Sein Gegenpart, der ihm wohl absichtlich sehr unähnlich gestaltete Johannes, wird von dem russischen Schauspieler Viktor Gaidarow verkörpert, der ein wenig auf den jungen Conrad Veidt kommt, wie er in vielen Filmen jener Zeit zu sehen ist, natürlich auch in „Das Cabinet des Dr. Caligari“. Bei den Frauen hat Murnau ein Händchen für das Drama in Gesichten und Gesten, das fiel mir  zuletzt bei „Schloss Vogelöd“ auf, wo es zu ähnlich leicht übertrieben wirkenden Momenten  kommt wie in „Der brennende Acker“. Ich weiß, wir sind in einer anderen Zeit und der Expressionismus fordert seine Gestaltungselemente. Aber Fritz Lang hat sich da immer etwas mehr zurückgehalten – und die Männer aufspielen lassen.

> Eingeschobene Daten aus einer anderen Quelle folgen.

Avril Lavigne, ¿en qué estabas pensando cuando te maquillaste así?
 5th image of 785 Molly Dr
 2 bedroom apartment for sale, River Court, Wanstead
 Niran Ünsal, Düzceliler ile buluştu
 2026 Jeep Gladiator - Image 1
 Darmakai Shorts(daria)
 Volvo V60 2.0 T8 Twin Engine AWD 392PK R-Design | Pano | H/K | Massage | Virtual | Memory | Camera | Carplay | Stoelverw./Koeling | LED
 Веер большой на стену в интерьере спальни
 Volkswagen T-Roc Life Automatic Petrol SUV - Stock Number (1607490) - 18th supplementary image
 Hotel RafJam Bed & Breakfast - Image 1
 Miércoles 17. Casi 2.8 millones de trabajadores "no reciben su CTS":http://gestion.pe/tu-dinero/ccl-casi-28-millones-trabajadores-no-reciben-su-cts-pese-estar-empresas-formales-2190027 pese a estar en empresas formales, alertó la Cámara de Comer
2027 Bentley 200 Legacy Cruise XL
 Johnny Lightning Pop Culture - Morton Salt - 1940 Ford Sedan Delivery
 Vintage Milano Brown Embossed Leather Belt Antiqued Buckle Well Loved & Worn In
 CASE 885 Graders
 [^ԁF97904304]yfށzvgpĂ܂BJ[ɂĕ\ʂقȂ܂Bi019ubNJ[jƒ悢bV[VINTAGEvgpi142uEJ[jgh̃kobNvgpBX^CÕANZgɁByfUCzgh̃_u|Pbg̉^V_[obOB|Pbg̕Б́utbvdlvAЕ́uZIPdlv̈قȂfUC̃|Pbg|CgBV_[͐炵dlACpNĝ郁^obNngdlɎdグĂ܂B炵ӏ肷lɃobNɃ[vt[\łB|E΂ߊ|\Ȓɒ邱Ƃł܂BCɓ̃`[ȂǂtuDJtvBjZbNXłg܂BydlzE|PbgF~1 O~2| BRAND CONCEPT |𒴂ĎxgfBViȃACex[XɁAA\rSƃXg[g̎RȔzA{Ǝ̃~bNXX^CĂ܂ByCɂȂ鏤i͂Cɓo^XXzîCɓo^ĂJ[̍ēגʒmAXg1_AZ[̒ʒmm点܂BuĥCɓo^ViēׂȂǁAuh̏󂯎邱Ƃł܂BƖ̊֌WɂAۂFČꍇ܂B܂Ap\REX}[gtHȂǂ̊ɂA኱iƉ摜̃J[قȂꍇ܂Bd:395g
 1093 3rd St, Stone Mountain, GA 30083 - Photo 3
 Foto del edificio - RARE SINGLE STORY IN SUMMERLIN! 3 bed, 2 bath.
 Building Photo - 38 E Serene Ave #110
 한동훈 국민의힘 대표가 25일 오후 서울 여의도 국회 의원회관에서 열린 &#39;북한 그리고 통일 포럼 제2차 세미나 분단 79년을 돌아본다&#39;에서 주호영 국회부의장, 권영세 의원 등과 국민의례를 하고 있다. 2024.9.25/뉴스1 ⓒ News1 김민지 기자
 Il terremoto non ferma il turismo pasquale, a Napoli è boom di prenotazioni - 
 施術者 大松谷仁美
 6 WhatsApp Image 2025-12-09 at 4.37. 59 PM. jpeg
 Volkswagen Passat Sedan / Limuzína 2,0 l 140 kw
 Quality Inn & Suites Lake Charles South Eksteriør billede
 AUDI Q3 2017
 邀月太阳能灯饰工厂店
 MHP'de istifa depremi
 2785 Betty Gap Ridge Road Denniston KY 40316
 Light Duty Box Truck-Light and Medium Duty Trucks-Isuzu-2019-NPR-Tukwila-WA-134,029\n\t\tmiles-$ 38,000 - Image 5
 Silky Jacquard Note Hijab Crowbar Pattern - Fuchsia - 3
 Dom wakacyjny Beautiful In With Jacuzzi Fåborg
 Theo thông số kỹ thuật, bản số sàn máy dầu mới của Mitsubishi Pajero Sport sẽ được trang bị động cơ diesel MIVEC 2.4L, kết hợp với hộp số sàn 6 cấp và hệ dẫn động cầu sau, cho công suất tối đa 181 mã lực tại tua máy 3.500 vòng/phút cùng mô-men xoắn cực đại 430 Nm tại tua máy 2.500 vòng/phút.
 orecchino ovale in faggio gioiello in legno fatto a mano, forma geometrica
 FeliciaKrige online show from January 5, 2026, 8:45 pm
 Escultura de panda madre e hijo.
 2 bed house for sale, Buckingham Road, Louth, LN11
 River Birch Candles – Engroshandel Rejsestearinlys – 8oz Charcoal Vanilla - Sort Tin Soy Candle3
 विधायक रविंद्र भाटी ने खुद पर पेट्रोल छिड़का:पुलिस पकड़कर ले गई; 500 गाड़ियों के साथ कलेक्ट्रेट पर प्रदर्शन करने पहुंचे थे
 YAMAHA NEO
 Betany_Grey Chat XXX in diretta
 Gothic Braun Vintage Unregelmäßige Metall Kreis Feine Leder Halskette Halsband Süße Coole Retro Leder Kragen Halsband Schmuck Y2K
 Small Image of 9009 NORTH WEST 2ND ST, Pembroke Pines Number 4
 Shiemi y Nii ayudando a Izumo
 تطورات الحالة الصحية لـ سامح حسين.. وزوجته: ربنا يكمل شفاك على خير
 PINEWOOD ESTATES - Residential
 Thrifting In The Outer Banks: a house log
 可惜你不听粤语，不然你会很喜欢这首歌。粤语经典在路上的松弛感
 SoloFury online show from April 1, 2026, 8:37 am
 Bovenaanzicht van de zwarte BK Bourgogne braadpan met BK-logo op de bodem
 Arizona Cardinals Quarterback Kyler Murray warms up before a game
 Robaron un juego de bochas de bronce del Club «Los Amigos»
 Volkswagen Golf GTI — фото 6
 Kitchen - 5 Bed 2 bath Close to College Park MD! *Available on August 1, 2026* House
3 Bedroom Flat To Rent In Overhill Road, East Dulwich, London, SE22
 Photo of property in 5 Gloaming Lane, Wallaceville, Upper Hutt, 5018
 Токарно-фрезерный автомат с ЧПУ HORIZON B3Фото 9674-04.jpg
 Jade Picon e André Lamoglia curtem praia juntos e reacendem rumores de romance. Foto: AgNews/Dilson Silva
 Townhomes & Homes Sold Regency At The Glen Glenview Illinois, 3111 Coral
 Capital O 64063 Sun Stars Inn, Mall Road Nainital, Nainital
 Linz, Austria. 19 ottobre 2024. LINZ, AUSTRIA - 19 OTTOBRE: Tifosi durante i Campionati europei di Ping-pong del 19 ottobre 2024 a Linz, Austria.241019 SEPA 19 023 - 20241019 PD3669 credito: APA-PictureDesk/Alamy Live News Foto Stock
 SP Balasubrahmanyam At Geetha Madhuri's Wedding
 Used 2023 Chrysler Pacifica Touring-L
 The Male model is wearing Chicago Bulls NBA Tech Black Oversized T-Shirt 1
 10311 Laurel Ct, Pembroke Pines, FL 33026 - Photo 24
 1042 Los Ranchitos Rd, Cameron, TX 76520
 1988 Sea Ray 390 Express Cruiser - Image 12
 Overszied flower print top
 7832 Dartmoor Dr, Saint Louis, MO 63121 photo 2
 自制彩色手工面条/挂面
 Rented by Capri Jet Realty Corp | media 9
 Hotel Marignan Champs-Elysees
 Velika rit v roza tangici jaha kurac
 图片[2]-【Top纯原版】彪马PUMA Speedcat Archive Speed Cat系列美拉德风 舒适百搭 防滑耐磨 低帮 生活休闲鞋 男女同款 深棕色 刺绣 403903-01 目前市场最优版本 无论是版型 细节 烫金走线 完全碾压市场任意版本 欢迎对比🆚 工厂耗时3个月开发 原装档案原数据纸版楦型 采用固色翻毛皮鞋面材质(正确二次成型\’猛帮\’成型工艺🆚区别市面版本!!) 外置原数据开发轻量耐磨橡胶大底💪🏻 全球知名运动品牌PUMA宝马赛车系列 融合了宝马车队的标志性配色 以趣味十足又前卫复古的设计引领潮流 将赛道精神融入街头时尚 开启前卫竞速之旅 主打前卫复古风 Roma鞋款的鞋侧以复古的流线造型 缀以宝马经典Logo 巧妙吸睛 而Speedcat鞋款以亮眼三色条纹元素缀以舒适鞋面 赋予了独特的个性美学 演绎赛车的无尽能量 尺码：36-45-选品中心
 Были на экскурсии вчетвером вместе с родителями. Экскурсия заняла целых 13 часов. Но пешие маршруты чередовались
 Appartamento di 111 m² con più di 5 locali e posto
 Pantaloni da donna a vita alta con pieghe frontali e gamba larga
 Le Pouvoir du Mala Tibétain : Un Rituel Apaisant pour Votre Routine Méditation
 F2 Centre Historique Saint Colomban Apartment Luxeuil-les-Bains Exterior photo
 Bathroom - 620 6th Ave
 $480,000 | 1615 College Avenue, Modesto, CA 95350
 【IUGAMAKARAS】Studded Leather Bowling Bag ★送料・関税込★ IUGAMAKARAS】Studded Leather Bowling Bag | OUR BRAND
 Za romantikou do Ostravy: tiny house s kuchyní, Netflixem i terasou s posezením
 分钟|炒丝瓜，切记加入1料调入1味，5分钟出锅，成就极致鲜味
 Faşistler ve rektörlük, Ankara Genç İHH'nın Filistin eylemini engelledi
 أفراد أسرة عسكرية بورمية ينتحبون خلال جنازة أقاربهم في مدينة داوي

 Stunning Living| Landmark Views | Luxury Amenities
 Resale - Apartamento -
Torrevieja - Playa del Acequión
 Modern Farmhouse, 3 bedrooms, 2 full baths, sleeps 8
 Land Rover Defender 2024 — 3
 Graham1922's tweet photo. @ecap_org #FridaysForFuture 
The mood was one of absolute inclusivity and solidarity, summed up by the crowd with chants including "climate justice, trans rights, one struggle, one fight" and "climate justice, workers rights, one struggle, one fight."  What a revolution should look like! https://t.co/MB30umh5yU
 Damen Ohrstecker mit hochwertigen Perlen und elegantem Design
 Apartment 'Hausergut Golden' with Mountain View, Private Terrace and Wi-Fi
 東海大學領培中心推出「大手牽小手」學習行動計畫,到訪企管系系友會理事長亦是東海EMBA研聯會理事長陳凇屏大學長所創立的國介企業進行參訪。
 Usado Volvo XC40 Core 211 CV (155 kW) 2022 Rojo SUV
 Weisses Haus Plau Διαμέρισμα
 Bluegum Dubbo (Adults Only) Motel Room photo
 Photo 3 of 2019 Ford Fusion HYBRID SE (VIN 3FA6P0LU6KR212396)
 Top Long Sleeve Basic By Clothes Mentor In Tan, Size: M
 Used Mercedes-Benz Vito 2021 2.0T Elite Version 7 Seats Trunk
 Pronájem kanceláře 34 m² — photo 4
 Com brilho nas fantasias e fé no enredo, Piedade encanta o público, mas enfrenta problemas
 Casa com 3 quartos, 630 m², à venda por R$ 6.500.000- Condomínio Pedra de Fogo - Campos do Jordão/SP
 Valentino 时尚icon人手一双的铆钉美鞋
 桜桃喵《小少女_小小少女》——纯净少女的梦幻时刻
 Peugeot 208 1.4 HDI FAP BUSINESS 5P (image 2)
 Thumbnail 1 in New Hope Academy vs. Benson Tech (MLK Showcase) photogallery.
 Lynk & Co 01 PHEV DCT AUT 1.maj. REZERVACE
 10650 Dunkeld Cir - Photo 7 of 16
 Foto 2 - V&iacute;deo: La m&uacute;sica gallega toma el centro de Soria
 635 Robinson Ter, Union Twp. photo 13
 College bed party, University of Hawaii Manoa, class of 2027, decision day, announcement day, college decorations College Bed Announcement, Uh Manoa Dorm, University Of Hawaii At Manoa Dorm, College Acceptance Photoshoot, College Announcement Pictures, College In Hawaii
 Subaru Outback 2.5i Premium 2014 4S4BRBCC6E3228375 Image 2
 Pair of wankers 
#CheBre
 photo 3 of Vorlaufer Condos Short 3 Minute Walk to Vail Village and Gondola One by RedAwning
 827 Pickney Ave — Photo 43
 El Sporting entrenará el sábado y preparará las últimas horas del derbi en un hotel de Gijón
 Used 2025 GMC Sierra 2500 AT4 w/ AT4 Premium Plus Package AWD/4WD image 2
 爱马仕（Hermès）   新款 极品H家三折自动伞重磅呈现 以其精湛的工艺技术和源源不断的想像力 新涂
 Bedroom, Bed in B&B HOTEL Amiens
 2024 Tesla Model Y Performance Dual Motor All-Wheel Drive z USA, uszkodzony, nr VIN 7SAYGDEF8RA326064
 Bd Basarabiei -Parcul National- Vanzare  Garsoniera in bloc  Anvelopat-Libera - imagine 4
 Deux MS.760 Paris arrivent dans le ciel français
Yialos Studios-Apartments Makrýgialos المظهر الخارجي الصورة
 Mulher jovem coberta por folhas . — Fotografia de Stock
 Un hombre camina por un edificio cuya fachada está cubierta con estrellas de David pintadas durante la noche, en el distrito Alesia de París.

Nun ja, der Modernste war aus heutiger Sicht sowieso Ernst Lubitsch mit seinem beinahe zeitlosen Humor.

Trotzdem finde ich „Der brennende Acker“ ausgewogener und gleichzeitig wuchtiger als „Schloss Vogelöd“. Ein wenig lag das an der kongenialen Musik, die der Filmversion unterlegt ist, die ich gesehen habe, aber auch die optische Gestaltung und die Handlungsführungen bieten einiges. Die Gegenschnitte bezüglich der beiden Vertragsunterzeichnungen bringen außerdem in den Höhepunkt des Films eine Atemlosigkeit, die für damalige Verhältnisse sehr dynamisch gewirkt haben muss. Heute würde man das so exemplarisch wohl kaum noch machen, aber die Montage war schon vor Eisensteins „Panzerkreuzer Potemkin“ auf dem Weg zu künstlerischer Ausformung, das sieht man in Murnaus Filmen wiederum besser als in den gleichzeitig entstandenen Werken von Fritz Lang, mit einer Wende, kann man sagen, bei „Dr. Mabuse“, der trotz seiner Länge ein sehr wirbelnder und fiebriger, nie langweiliger Film ist. Ihn verbindet mit „Der brennende Acker“ die Thematisierung moderner Investments und der Gier, die alles zerstören kann. Was ihn trennt, ist etwas, was Murnaus eher romantischer Veranlagung auch widersprechen würde: Ein Mastermind, der alles und jeden manipuliert, nicht nur sich selbst.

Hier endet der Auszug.